▶ **TASK TO CARRY OUT**: Copy the lines of the data below exactly, starting at the first and stopping after the line that contains "Blue Cotton Candy Hand Sanitizer Mist Spray"; include no pictures.
'''
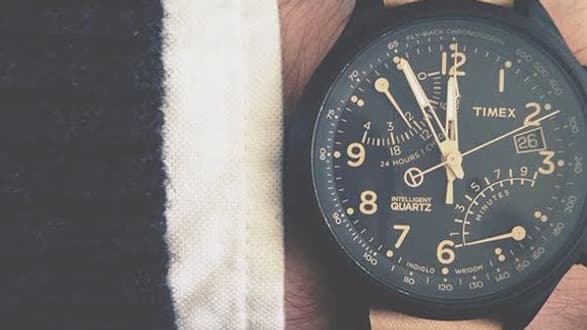 Une montre qui a été l'un des cadeaux offerts dans le cadre de La Petite Attention Une montre qui a été l'un des cadeaux offerts dans le cadre de La Petite Attention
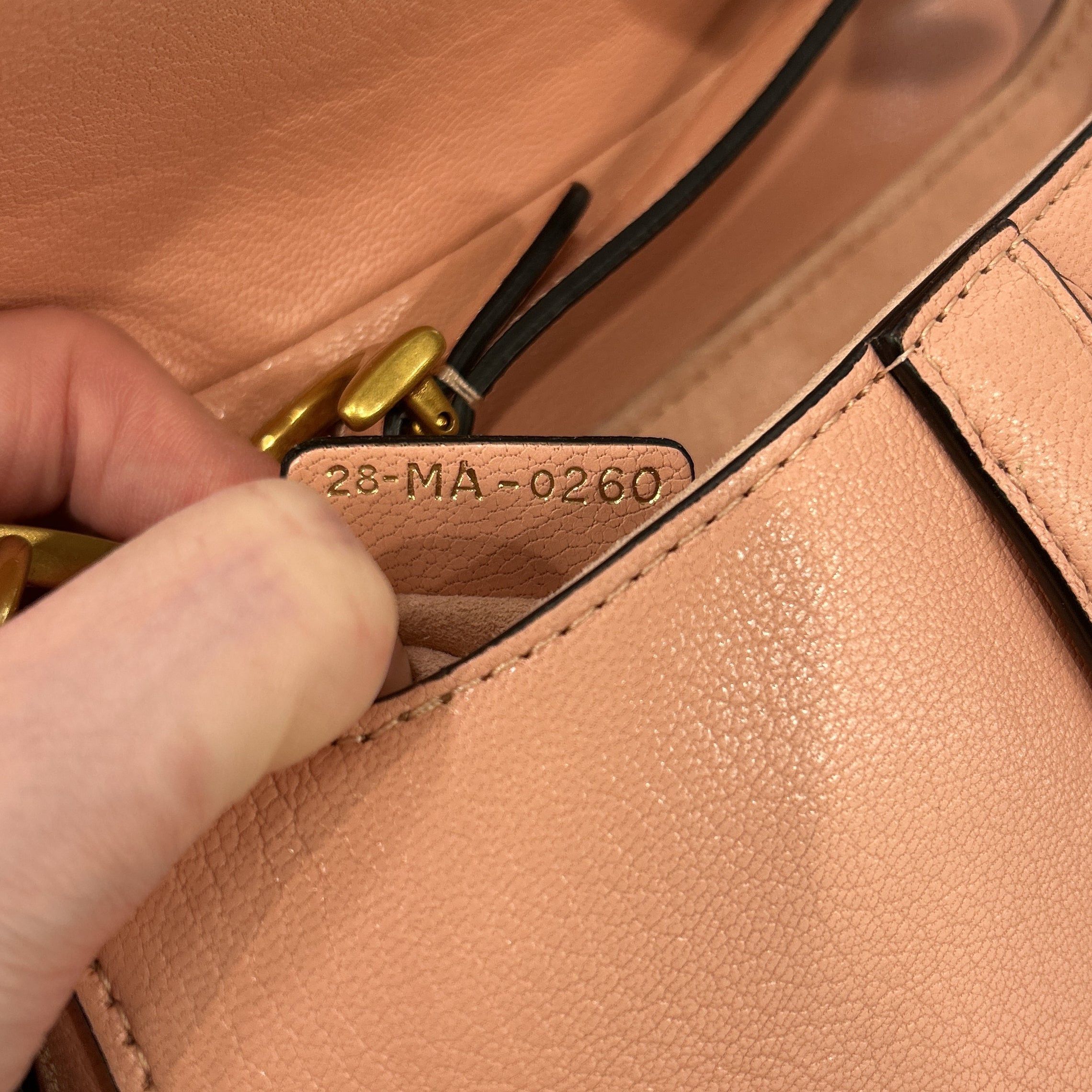 Dior Saddle Handbag Size ONE SIZE - 7 Thumbnail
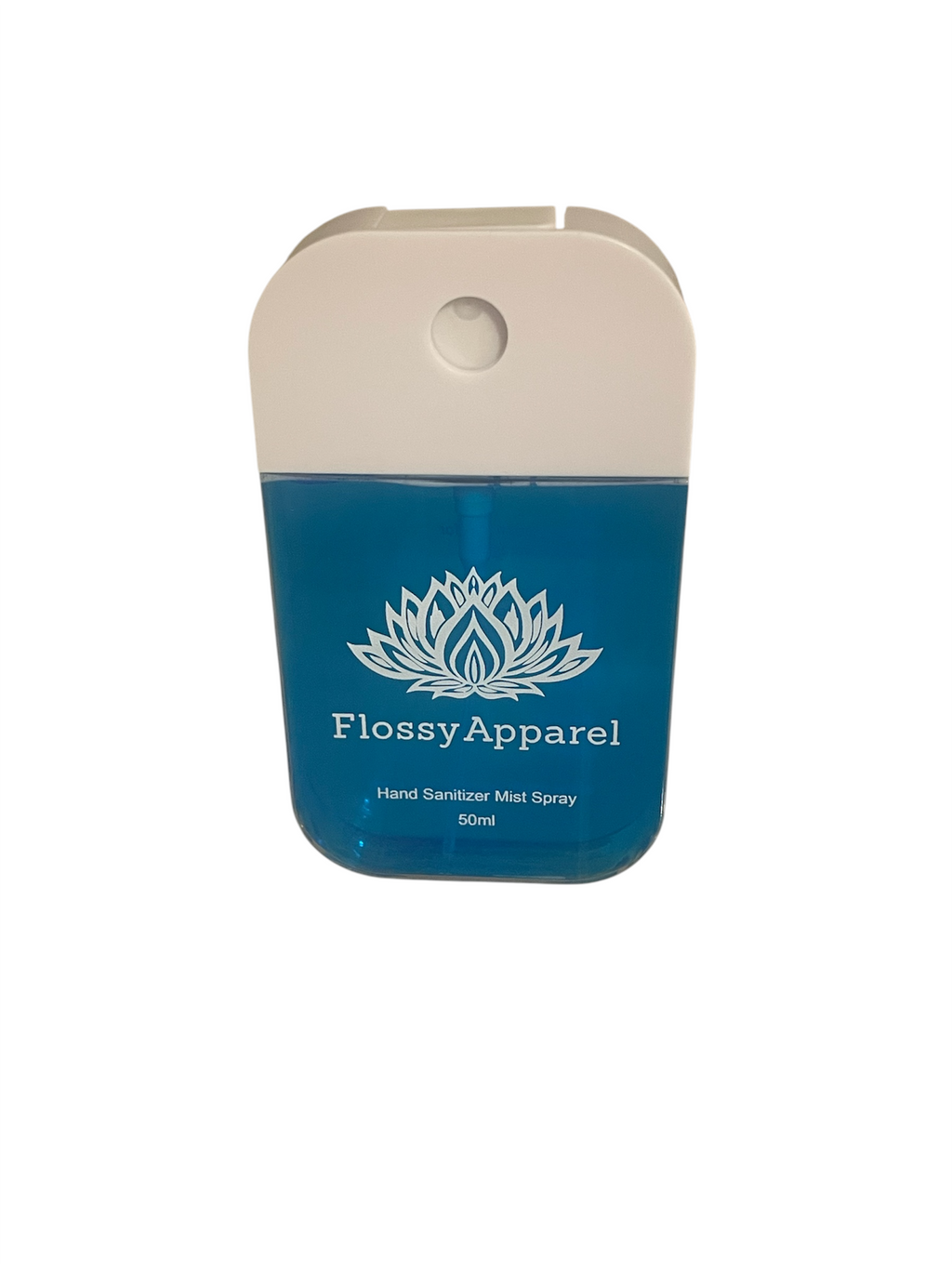 Blue Cotton Candy Hand Sanitizer Mist Spray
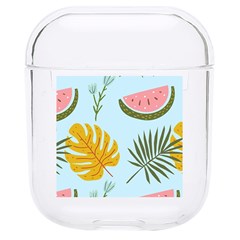 Watermelon Leaves Fruit Foliage Hard Pc Airpods 1/2 Case by Apen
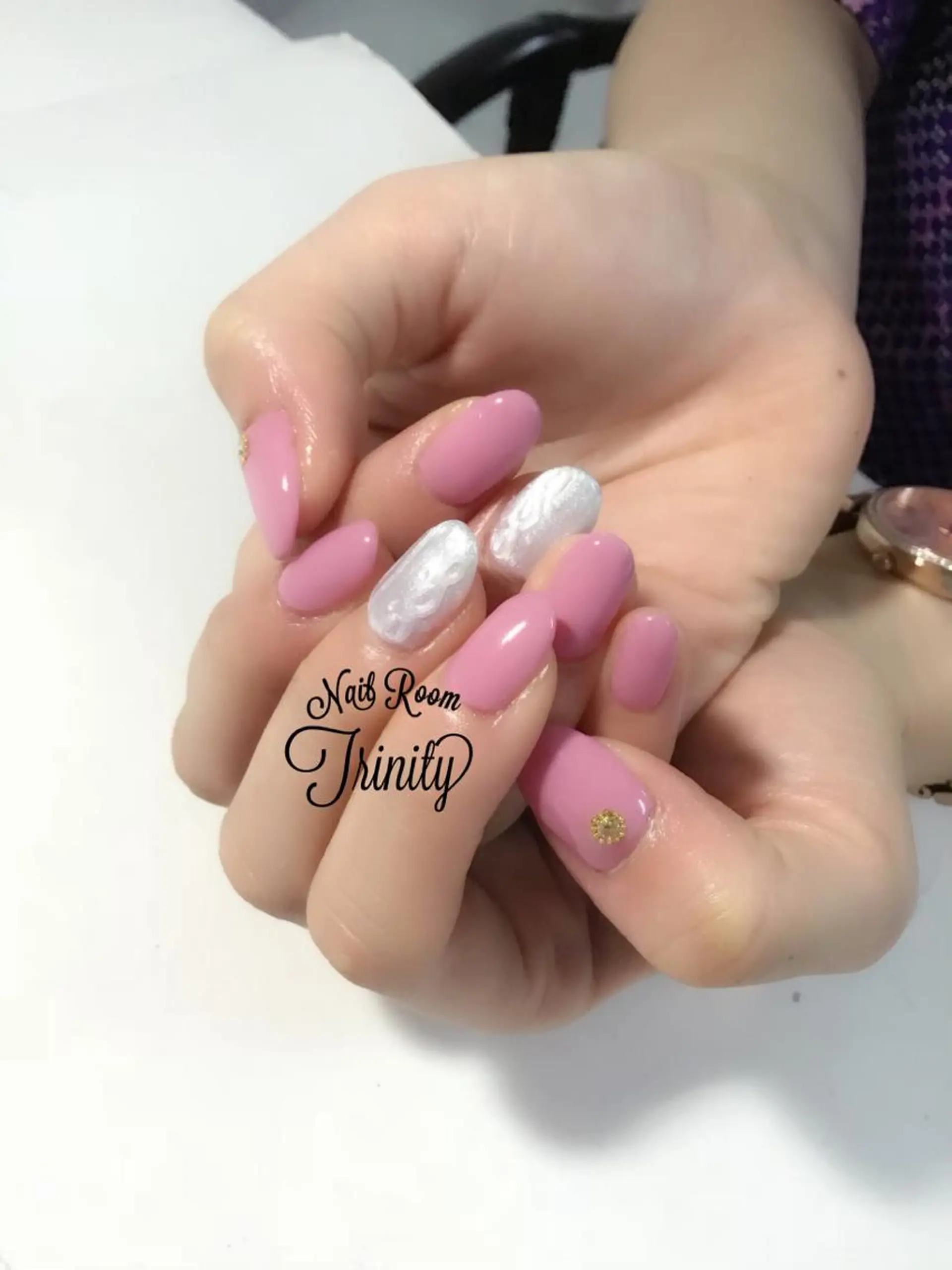 ネイル ハンドネイル Trinity staffのネイルデザイン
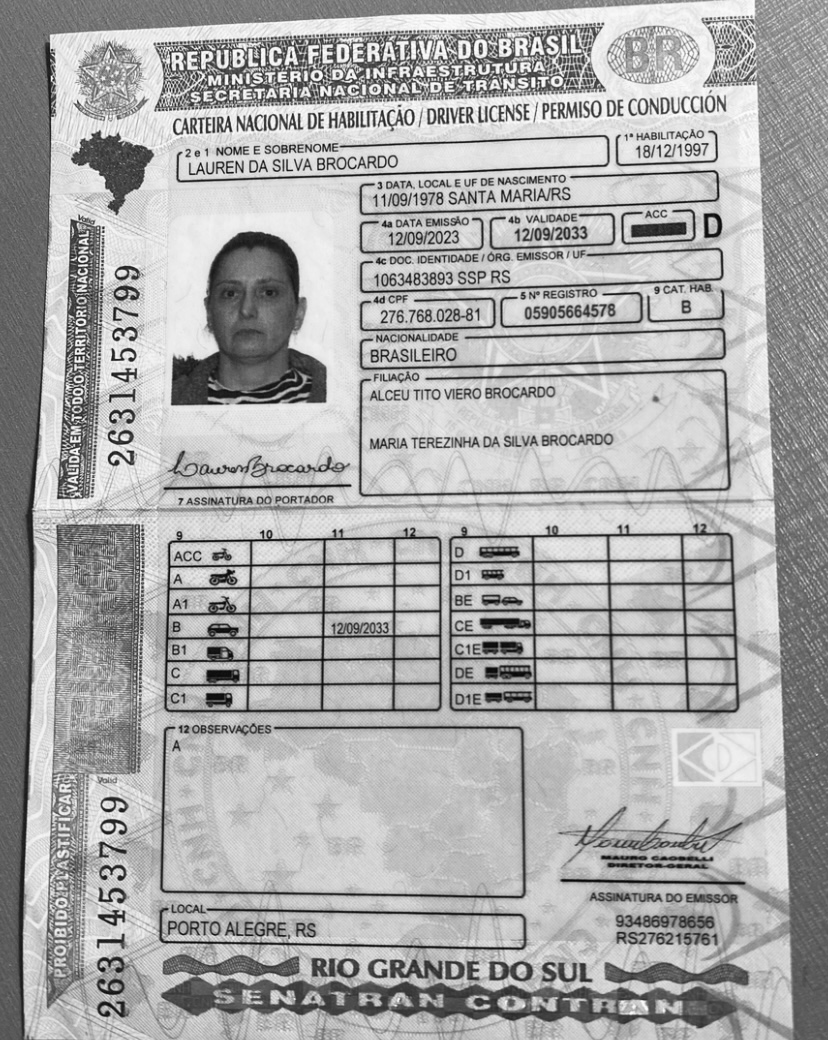 Lauren da Silva Brocardo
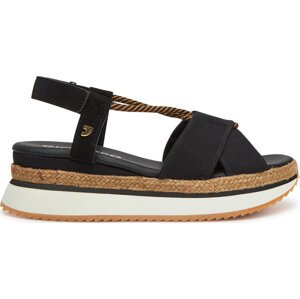 Espadrilky Gioseppo Ironton 74961-P Černá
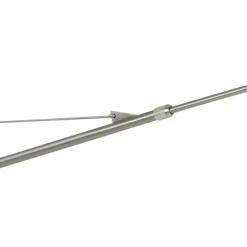 Lampes En Tissu-Luminaires Steinhauer Applique murale Steinhauer Gramineus Acier inoxydable, Gris, 1 lumière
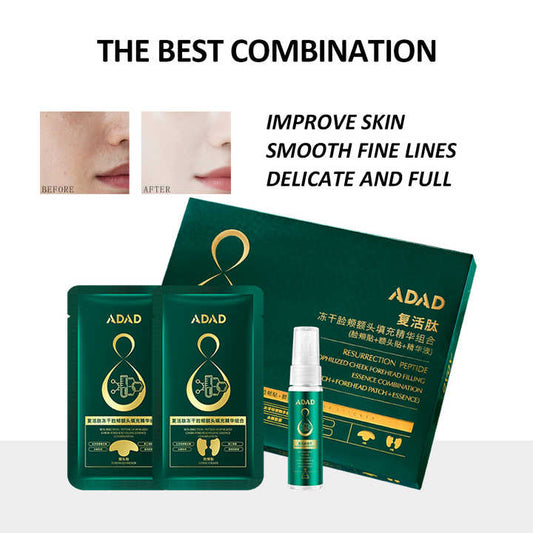 Liquid Face Serum Mask Set for Beauty Skin Care Set with Hydrating Collagen Essence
'''
▶ **YOUR RESPONSE**:
 Une montre qui a été l'un des cadeaux offerts dans le cadre de La Petite Attention Une montre qui a été l'un des cadeaux offerts dans le cadre de La Petite Attention
 Dior Saddle Handbag Size ONE SIZE - 7 Thumbnail
 Blue Cotton Candy Hand Sanitizer Mist Spray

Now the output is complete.